This is in response to your letter of November 25, 2014 (the “Letter”) requesting an exemption under Rule G-37(i) of the Municipal Securities Rulemaking Board (MSRB) and FINRA Rule 9610 from the prohibition from engaging in municipal securities business in MSRB Rule G-37(b) for FIRM (“Firm”) with: (1) SCHOOL DISTRICT (the “SD”); and (2) CITY (the “City” and, together with the SD, the “Municipalities”).  You request this exemption because NAME (the “Associate”) made a $100 contribution (the “City Contribution”) to the primary election campaign of INDIVIDUAL A (the “City Candidate”) and a $99 contribution (the “SD Contribution” and, together with the City Contribution, the “Contributions”) to the general election campaign of INDIVIDUAL B (the “SD Candidate” and, together with the City Candidate, the “Candidates”).  The Associate was not eligible to vote for either of the Candidates.[1]

In support of your request that the Firm be granted an exemption you made the following representations:

On November 10, 2014, the Firm’s Public Finance Department’s City Office hired the Associate as a municipal investment banking associate, a position that carries no supervisory responsibilities.  The Firm hired the Associate because of her outstanding academic resume, prior municipal investment banking experience and recent experience leading a City-based non-profit, and not because of any influence the Associate may have with the Municipalities based on the Contributions.  As the Associate has been hired to engage primarily in municipal securities business, the Firm has deemed the Associate a “municipal finance professional” as defined in Rule G-37(g)(iv) and stipulates that she is covered by this rule provision. 

From September 2008 through October 2014, the Associate was Chief Executive Officer of Organization A, a charitable organization not associated with any municipal securities dealer; thus, she was not a municipal finance professional (an “MFP”), nor governed by any of the rules associated with municipal securities business. 

During this time, around February 9, 2014 (the “City Contribution Date”), the Associate made the City Contribution.  At the time of the City Contribution, Individual A held the office of City Vice Mayor and was running for City Mayor.  A resident of City, State, the Associate was not eligible to vote in an election for either such office. The Associate made the City Contribution based solely on her political beliefs, and the City Contribution was in no way related to municipal securities business.  Also, at the time of the City Contribution, neither the Associate nor the Firm knew that the Associate might eventually come to work for the Firm as an MFP.  Finally, Individual A did not win the election.

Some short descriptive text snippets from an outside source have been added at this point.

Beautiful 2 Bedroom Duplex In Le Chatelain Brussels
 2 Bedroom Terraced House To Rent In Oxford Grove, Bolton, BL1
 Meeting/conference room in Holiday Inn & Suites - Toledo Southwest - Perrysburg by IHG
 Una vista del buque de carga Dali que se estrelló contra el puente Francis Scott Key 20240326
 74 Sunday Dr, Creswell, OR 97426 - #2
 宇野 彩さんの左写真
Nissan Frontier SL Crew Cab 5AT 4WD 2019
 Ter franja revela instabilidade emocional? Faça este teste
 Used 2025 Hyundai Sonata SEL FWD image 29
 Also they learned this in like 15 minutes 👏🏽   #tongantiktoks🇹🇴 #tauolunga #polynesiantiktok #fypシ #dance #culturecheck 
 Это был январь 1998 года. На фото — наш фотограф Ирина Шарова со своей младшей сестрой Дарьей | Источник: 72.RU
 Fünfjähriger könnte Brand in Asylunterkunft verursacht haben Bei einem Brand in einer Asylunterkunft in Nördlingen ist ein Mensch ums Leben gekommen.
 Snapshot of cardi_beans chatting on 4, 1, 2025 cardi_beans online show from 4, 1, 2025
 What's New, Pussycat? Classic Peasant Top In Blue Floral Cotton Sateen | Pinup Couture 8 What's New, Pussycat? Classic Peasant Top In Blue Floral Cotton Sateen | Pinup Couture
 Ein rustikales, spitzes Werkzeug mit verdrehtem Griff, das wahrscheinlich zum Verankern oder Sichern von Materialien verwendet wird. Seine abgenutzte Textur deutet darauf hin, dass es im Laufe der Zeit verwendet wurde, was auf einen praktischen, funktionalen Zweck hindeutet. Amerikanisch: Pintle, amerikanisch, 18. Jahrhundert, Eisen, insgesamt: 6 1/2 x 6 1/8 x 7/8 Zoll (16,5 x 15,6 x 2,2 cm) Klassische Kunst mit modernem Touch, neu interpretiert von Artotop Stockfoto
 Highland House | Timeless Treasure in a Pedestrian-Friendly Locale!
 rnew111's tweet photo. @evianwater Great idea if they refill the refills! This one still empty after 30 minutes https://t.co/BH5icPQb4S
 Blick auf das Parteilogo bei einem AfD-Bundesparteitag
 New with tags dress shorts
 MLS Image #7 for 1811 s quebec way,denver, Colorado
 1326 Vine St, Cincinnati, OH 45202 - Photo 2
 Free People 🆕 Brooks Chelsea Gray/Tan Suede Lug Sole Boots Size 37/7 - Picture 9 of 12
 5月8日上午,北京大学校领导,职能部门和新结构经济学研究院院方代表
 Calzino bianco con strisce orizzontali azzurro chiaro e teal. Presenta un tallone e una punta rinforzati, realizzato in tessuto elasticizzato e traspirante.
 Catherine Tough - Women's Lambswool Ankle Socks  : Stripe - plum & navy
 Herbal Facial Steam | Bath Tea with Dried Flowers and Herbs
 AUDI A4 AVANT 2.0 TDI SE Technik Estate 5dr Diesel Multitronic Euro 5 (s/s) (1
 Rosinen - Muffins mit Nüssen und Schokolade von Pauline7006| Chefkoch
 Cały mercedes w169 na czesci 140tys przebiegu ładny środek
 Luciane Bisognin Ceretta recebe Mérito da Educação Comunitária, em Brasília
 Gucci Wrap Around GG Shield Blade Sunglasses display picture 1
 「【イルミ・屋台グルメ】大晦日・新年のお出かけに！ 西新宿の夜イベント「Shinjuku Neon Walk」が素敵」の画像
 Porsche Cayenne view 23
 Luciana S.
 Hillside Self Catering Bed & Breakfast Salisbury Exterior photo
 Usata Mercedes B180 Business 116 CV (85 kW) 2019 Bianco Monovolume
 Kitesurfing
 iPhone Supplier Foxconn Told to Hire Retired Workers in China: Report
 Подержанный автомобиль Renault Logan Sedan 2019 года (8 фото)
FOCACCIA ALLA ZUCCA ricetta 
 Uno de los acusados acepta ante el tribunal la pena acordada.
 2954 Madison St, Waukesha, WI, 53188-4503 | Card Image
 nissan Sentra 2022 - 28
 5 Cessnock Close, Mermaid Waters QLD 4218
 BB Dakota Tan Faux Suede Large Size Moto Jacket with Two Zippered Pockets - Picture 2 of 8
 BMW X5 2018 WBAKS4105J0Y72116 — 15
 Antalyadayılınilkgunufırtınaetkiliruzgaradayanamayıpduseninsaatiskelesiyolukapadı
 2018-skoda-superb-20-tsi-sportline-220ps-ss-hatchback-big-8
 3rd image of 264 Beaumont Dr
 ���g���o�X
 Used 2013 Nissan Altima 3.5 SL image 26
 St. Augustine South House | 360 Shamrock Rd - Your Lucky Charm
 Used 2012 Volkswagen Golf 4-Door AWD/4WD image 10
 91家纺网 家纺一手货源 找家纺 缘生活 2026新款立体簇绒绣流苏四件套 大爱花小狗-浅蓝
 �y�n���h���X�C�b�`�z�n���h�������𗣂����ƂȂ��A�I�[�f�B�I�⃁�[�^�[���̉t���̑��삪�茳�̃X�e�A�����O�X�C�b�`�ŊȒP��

During this time, around June 17, 2014 (the “SD Contribution Date” and, together with the City Contribution Date, the “Contribution Dates”), the Associate, through her association with Organization B, an organization promoting the development of not-for-profit executives, made the SD Contribution to the general election campaign of Individual B, an Organization B staff member.  At the time of the SD Contribution, Individual B held no elective office and was running for a seat on the Board of the SD.  A resident of City, State, the Associate was not eligible to vote in an election for such office. The Associate made the SD Contribution based solely on her friendship with Individual B, and the SD Contribution was in no way related to municipal securities business.  Also, at the time of the SD Contribution, neither the Associate nor the Firm knew that the Associate might eventually come to work for the Firm as an MFP.  Finally, Individual B did not win the election.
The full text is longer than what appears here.